■ Data:

<<<<

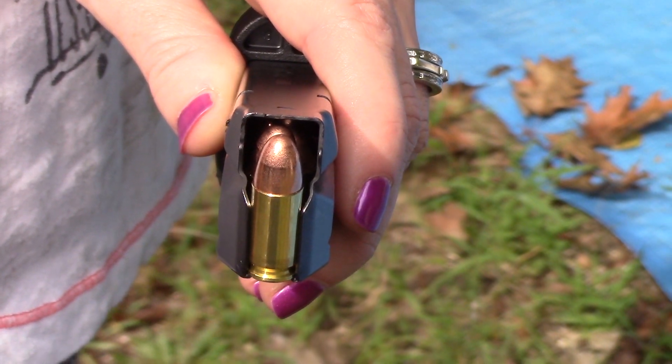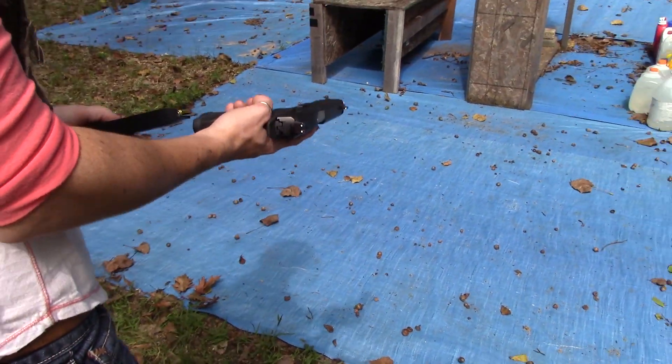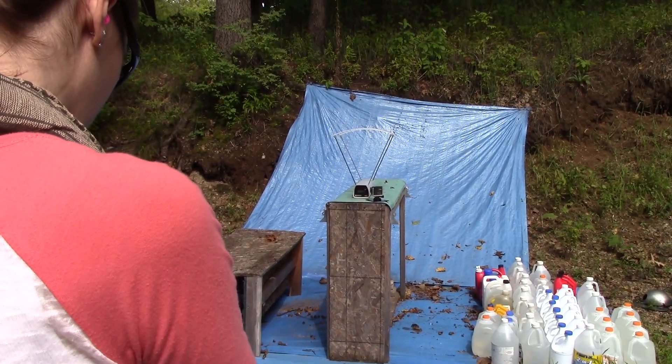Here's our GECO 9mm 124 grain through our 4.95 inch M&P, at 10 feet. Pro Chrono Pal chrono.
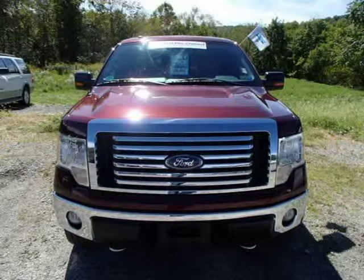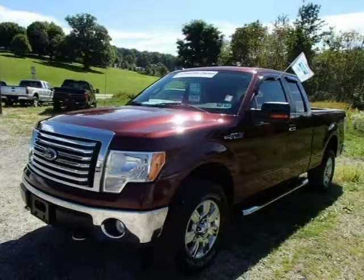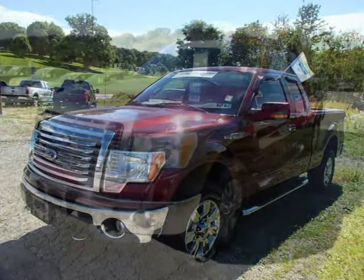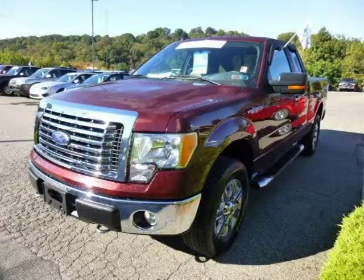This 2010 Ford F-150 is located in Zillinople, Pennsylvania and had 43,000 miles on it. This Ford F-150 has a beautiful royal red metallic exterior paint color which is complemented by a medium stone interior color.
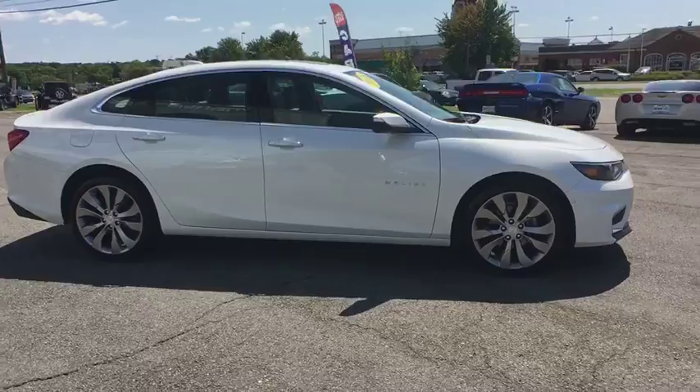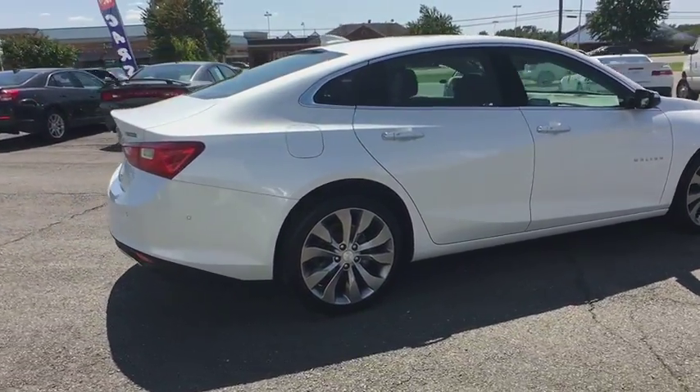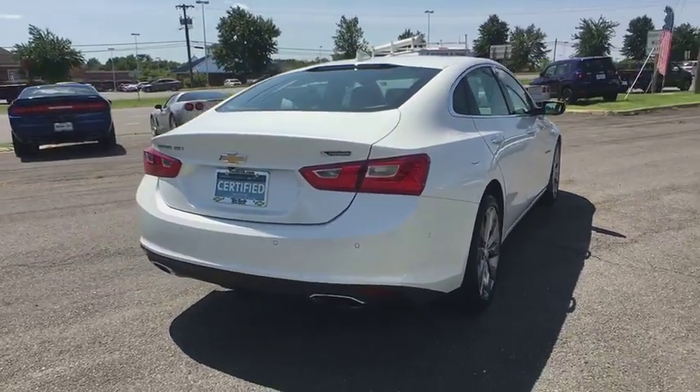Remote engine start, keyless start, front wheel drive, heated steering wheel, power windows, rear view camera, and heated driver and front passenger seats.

>>>>

Output the listing above exactly, but leave its pictures behind.

■ Task solution:
Here's our GECO 9mm 124 grain through our 4.95 inch M&P, at 10 feet. Pro Chrono Pal chrono.
This 2010 Ford F-150 is located in Zillinople, Pennsylvania and had 43,000 miles on it. This Ford F-150 has a beautiful royal red metallic exterior paint color which is complemented by a medium stone interior color.
Remote engine start, keyless start, front wheel drive, heated steering wheel, power windows, rear view camera, and heated driver and front passenger seats.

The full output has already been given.